Darktrace approaches threat intelligence with a unique perspective. Unlike traditional security vendors that rely on established patterns from past incidents, it uses a strategy that is rooted in the belief that identifying behavioral anomalies is crucial for identifying both known and novel threats.
For Darktrace analysts and researchers, the incidents detected by the AI solution mark the beginning of a deeper investigation, aiming to connect mitigated threats to wider trends from across the threat landscape. Through hindsight analysis, the Darktrace Threat Research team has highlighted numerous threats, including zero-day, n-day, and other novel attacks, showcasing their evolving nature and Darktrace’s ability to identify them.
Read Darktrace's Annual Threat Report to discover major trends around vulnerabilities in internet-facing systems, new and re-emerging ransomware strains, and sophisticated email attacks.
Multiple campaigns target vulnerabilities in internet-facing systems
It is increasingly common for threat actors to identify and exploit newly discovered vulnerabilities in widely used services and applications, and in some cases, these vulnerability exploitations occur within hours of disclosure.
Darktrace helps security teams identify suspicious behavior quickly, as demonstrated with the critical vulnerability in PAN-OS firewall devices. The vulnerability was publicly disclosed on April 11, 2024, yet with anomaly-based detection, Darktrace’s Threat Research team was able to identify a range of suspicious behavior related to exploitation of this vulnerability, including command-and-control (C2) connectivity, data exfiltration, and brute-forcing activity, as early as March 26.
That means that Darktrace and our Threat Research team detected this Common Vulnerabilities and Exposure (CVE) exploitation 16 days before the vulnerability was disclosed. Addressing critical vulnerabilities quickly massively benefits security, as teams can reduce their effectiveness by slowing malicious operations and forcing attackers to pursue more costly and time-consuming methods.
Persistent ransomware threats continue to evolve
The continued adoption of the Ransomware-as-a-Service (RaaS) model provides even less experienced threat actors with the tools needed to carry out disruptive attacks, significantly lowering the barrier to entry.

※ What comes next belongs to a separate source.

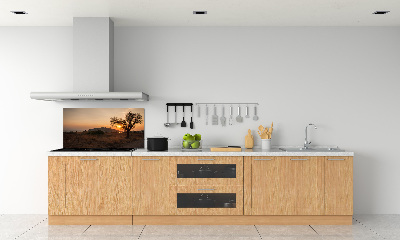 Achterwand keuken Zonsondergang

The Threat Research team tracked both novel and re-emerging strains of ransomware across the customer fleet, including Akira, LockBit, and Lynx. Within these ransomware attempts and incidents, there were notable trends in attackers’ techniques: using phishing emails as an attack vector, exploiting legitimate tools to mask C2 communication, and exfiltrating data to cloud storage services.
Read the Annual 2024 Threat Report for the complete list of prominent ransomware actors and their commonly used techniques.
Onslaught of email threats continues
With a majority of attacks originating from email, it is crucial that organizations secure the inboxes and beyond.
Between December 21, 2023, and December 18, 2024, Darktrace / EMAIL detected over 30.4 million phishing emails across the fleet. Of these, 70% successfully bypassed Domain-based Message Authentication, Reporting, and Conformance (DMARC) verification checks and 55% passed through all other existing layers of customer email security.
The abuse of legitimate services and senders continued to be a significant method for threat actors throughout 2024. By leveraging trusted platforms and domains, malicious actors can bypass traditional security measures and increase the likelihood of their phishing attempts being successful.
This past year, there was a substantial use of legitimately authenticated senders and previously established domains, with 96% of phishing emails detected by Darktrace / EMAIL utilizing existing domains rather than registering new ones.
These are not the only types of email attacks we observed. Darktrace detected over 2.7 million emails with multistage payloads.
While most traditional cybersecurity solutions struggle to cover multiple vectors and recognize each stage of complex attacks as part of wider malicious activity, Darktrace can detect and respond across email, identities, network, and cloud.
Conclusion
The Darktrace Threat Research team continues to monitor the ever-evolving threat landscape. Major patterns over the last year have revealed the importance of fast-acting, anomaly-based detection like Darktrace provides.
For example, response speed is essential when campaigns target vulnerabilities in internet-facing systems, and these vulnerabilities can be exploited by attackers within hours of their disclosure if not even before that.
Similarly, anomaly-based detection can identify hard to find threats like ransomware attacks that increasingly use living-off-the-land techniques and legitimate tools to hide malicious activity. A similar pattern can be found in the realm of email security, where attacks are also getting harder to spot, especially as they frequently exploit trusted senders, use redirects via legitimate services, and craft attacks that bypass DMARC and other layers of email security.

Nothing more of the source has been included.